In the above, I wrote the wrong URL for the FastBasic code, correct one is https://github.com/dmsc/fastbasic/blob/ ... rp/mul.asm , but the code is the same. (this is what happens when it is late and you use google to search to your own code

)

Quote:

I cut down mult61 a little to give a 16 bit result (mult61 is more amenable to this optimisation than mult60), which I've added as `omult15.a`. This gives a faster 390 cycles average in 47 bytes.

That is very reasonable for 47 bytes! In the FastBasic case, I would have to modify it a little to get the multiplicand from A/X and the stack, and get the result into A/X, but I will try to see if it is worth.

Quote:

But, if you don't care about the answer if there is an overflow, then omult6.a wins with 153.46 average cycles in 38 bytes.

I don't care about the answer in the overflow case, but I *do* care about the sign of the result, so that $FFFF times $FFFF is $FFFF, and I suspect this is not the case on that code. Modifying it to return the correct signed result would make the code a lot bigger, and slower.... the 6502 certainly misses a "NEG" opcode

Have Fun!

Posted: **Mon Jan 09, 2023 4:05 pm**

dmsc wrote:

Hi!
I don't care about the answer in the overflow case, but I *do* care about the sign of the result, so that $FFFF times $FFFF is $FFFF, and I suspect this is not the case on that code. Modifying it to return the correct signed result would make the code a lot bigger, and slower.... the 6502 certainly misses a "NEG" opcode

Have Fun!

If on an overflow you only care about the sign bit of the result then I imagine adding this before the omult6 routine:

Code: Select all

    lda multiplicand+1      ;
    eor multiplier+1        ;
    sta temp                ; store sign bit

and adding `ldy temp` at the end, before returning in the out_of_memory condition would keep the sign bit correct.

Posted: **Mon Jan 09, 2023 7:01 pm**

Hi!

TobyLobster wrote:

dmsc wrote:

Hi!
I don't care about the answer in the overflow case, but I *do* care about the sign of the result, so that $FFFF times $FFFF is $FFFF, and I suspect this is not the case on that code.

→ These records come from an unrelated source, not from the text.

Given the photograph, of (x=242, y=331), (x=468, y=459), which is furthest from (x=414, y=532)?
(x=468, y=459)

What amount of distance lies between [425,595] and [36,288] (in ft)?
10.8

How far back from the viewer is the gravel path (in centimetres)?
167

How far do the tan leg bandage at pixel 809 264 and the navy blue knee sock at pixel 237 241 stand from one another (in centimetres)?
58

Modifying it to return the correct signed result would make the code a lot bigger, and slower.... the 6502 certainly misses a "NEG" opcode

Have Fun!

If on an overflow you only care about the sign bit of the result then I imagine adding this before the omult6 routine:

Code: Select all

    lda multiplicand+1      ;
    eor multiplier+1        ;
    sta temp                ; store sign bit

and adding `ldy temp` at the end, before returning in the out_of_memory condition would keep the sign bit correct.

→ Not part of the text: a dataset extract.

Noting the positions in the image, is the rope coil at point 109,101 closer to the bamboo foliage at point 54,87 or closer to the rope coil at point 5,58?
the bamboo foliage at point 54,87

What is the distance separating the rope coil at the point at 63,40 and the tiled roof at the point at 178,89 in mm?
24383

No, what I tried to say is that the omult6.a routine will not give the correct result for any negative argument, as it will detect overflow instead of giving the correct answer - my example was -1 times -1, should give 1, but the omult6.a routine will detect overflow and give an invalid answer (in that case, it will give "-2" as answer).

Have Fun!

Posted: **Mon Jan 09, 2023 7:12 pm**

dmsc wrote:

Hi!
No, what I tried to say is that the omult6.a routine will not give the correct result for any negative argument, as it will detect overflow instead of giving the correct answer - my example was -1 times -1, should give 1, but the omult6.a routine will detect overflow and give an invalid answer (in that case, it will give "-2" as answer).

Have Fun!

Ah, I understand now, thanks.

Posted: **Mon Dec 11, 2023 10:17 am**

TobyLobster wrote:

I have exhaustively tested and compared the performance and memory use of over 60 integer multiplication routines from the internet. (EDIT: Now over 120 routines)

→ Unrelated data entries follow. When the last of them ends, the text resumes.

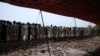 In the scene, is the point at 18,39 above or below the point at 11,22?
below

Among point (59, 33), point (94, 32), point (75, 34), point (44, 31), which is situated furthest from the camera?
point (94, 32)

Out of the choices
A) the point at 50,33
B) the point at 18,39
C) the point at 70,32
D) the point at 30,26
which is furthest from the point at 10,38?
the point at 70,32

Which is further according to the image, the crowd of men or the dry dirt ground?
the crowd of men

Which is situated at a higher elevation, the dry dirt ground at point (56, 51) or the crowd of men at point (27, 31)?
the crowd of men at point (27, 31)

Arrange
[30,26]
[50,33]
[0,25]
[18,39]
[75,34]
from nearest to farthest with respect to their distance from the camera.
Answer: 1. [0,25]
2. [18,39]
3. [30,26]
4. [50,33]
5. [75,34]

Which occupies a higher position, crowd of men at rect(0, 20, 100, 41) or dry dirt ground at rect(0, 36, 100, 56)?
crowd of men at rect(0, 20, 100, 41)

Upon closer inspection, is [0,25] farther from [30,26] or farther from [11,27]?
[30,26]

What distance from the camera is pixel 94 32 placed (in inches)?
1121

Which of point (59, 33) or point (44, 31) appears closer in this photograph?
point (44, 31)

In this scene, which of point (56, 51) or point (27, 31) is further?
point (27, 31)

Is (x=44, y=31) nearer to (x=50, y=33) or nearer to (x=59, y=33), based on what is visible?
(x=50, y=33)

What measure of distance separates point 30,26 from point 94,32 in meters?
18.6

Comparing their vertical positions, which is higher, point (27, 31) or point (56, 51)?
point (27, 31)

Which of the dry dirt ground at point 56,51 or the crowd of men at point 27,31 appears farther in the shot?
the crowd of men at point 27,31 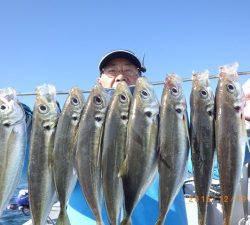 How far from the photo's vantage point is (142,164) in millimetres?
3834

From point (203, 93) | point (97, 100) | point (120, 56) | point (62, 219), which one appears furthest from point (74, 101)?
point (120, 56)

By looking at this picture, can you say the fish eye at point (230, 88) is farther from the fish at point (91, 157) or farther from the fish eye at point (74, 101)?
the fish eye at point (74, 101)

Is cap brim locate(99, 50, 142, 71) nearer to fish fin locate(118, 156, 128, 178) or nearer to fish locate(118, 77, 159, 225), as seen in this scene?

I also explore the algorithms and techniques behind them:

https://github.com/TobyLobster/multiply_test

There was more to say on this subject than I thought when I started, so it was interesting to explore. If there are other good or interesting multiply routines out there let me know!

Hi,

I was pleased to find your comparison, and I must say thrilled to see that I am the world record holder

I have improved my published version; the fastest unsigned 16x16=32 is now 194.1 cycles. I'll publish it on codebase when I can. I've also updated my previous entry. I estimate that using a 128k table (C64 REU) would take 134 cycles.

I could easily make versions to claim the top spot of signed, partial results etc.

I'm also working on x^2 (about 160), 32x32=64 (about 800), and 7x8 (about 30). I'm putting all these into an integrated library.
There's many more ways of multiplying, including trig identities, knuth, karatsuba, nybble, residue, table, tree, jmp, and convolutions.

Could you add integer division and floating point as well?

formula based mults

1 - sin(a)*cos(b)=(sin(a+b)+sin(a-b))/2
2 - cos(a)*cos(b)=(cos(a+b)+cos(a-b))/2
3 - sin(a)*sin(b)=(cos(a-b)-cos(a+b))/2
4 - a*b=exp(log(a)+log(b))
5 - a*b = [(a + b)² - (a - b)²]/4

Knuth mult
k=(a-b)*(c-d)
l=a*c
m=b*d
n=l+m-k
x*y=l*256+n*16+m (for 8 bit a/b/c/d)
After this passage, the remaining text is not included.